Task item:
Word for word, repeat each record that follows.

** Opening Stored data block **

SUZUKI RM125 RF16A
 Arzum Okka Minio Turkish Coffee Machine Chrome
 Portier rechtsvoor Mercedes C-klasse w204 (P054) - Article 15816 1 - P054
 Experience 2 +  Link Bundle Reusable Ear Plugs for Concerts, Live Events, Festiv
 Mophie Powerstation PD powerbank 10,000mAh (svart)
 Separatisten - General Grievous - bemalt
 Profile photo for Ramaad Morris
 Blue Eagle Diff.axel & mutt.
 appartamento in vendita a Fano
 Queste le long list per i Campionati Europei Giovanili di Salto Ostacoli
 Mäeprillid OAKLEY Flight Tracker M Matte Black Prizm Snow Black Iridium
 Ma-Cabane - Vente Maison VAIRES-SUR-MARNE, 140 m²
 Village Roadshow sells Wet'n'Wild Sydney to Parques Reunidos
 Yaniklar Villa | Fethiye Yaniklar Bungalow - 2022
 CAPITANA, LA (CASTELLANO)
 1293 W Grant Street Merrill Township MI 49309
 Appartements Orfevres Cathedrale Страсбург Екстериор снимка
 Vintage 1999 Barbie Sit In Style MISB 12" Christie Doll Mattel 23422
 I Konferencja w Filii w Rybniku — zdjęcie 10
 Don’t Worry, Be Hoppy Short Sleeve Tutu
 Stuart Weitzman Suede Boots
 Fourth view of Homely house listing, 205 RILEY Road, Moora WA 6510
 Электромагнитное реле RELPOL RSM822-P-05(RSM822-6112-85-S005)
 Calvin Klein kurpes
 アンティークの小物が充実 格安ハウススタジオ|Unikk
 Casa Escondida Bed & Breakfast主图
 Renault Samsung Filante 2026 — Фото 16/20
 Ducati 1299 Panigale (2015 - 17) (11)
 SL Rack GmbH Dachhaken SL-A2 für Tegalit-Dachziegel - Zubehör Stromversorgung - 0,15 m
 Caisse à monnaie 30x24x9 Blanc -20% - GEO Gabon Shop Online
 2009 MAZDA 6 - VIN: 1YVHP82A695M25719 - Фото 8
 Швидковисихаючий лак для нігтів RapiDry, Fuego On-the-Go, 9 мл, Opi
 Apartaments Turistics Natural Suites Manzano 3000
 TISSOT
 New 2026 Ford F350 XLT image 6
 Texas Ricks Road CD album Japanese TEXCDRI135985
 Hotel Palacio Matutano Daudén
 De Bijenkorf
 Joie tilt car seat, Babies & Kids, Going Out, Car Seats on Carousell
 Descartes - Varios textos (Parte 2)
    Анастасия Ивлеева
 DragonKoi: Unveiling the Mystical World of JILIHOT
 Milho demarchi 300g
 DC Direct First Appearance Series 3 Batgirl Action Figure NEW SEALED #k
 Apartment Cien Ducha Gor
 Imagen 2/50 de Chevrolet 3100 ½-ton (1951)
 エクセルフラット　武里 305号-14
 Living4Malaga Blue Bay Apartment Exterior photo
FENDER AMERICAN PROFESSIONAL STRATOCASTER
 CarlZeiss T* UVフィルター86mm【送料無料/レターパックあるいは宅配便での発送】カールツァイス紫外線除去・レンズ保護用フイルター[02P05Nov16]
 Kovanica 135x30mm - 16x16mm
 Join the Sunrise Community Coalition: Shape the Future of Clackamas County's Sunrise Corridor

** Closing Stored data block **

Your response:
SUZUKI RM125 RF16A
 Arzum Okka Minio Turkish Coffee Machine Chrome
 Portier rechtsvoor Mercedes C-klasse w204 (P054) - Article 15816 1 - P054
 Experience 2 +  Link Bundle Reusable Ear Plugs for Concerts, Live Events, Festiv
 Mophie Powerstation PD powerbank 10,000mAh (svart)
 Separatisten - General Grievous - bemalt
 Profile photo for Ramaad Morris
 Blue Eagle Diff.axel & mutt.
 appartamento in vendita a Fano
 Queste le long list per i Campionati Europei Giovanili di Salto Ostacoli
 Mäeprillid OAKLEY Flight Tracker M Matte Black Prizm Snow Black Iridium
 Ma-Cabane - Vente Maison VAIRES-SUR-MARNE, 140 m²
 Village Roadshow sells Wet'n'Wild Sydney to Parques Reunidos
 Yaniklar Villa | Fethiye Yaniklar Bungalow - 2022
 CAPITANA, LA (CASTELLANO)
 1293 W Grant Street Merrill Township MI 49309
 Appartements Orfevres Cathedrale Страсбург Екстериор снимка
 Vintage 1999 Barbie Sit In Style MISB 12" Christie Doll Mattel 23422
 I Konferencja w Filii w Rybniku — zdjęcie 10
 Don’t Worry, Be Hoppy Short Sleeve Tutu
 Stuart Weitzman Suede Boots
 Fourth view of Homely house listing, 205 RILEY Road, Moora WA 6510
 Электромагнитное реле RELPOL RSM822-P-05(RSM822-6112-85-S005)
 Calvin Klein kurpes
 アンティークの小物が充実 格安ハウススタジオ|Unikk
 Casa Escondida Bed & Breakfast主图
 Renault Samsung Filante 2026 — Фото 16/20
 Ducati 1299 Panigale (2015 - 17) (11)
 SL Rack GmbH Dachhaken SL-A2 für Tegalit-Dachziegel - Zubehör Stromversorgung - 0,15 m
 Caisse à monnaie 30x24x9 Blanc -20% - GEO Gabon Shop Online
 2009 MAZDA 6 - VIN: 1YVHP82A695M25719 - Фото 8
 Швидковисихаючий лак для нігтів RapiDry, Fuego On-the-Go, 9 мл, Opi
 Apartaments Turistics Natural Suites Manzano 3000
 TISSOT
 New 2026 Ford F350 XLT image 6
 Texas Ricks Road CD album Japanese TEXCDRI135985
 Hotel Palacio Matutano Daudén
 De Bijenkorf
 Joie tilt car seat, Babies & Kids, Going Out, Car Seats on Carousell
 Descartes - Varios textos (Parte 2)
    Анастасия Ивлеева
 DragonKoi: Unveiling the Mystical World of JILIHOT
 Milho demarchi 300g
 DC Direct First Appearance Series 3 Batgirl Action Figure NEW SEALED #k
 Apartment Cien Ducha Gor
 Imagen 2/50 de Chevrolet 3100 ½-ton (1951)
 エクセルフラット　武里 305号-14
 Living4Malaga Blue Bay Apartment Exterior photo
FENDER AMERICAN PROFESSIONAL STRATOCASTER
 CarlZeiss T* UVフィルター86mm【送料無料/レターパックあるいは宅配便での発送】カールツァイス紫外線除去・レンズ保護用フイルター[02P05Nov16]
 Kovanica 135x30mm - 16x16mm
 Join the Sunrise Community Coalition: Shape the Future of Clackamas County's Sunrise Corridor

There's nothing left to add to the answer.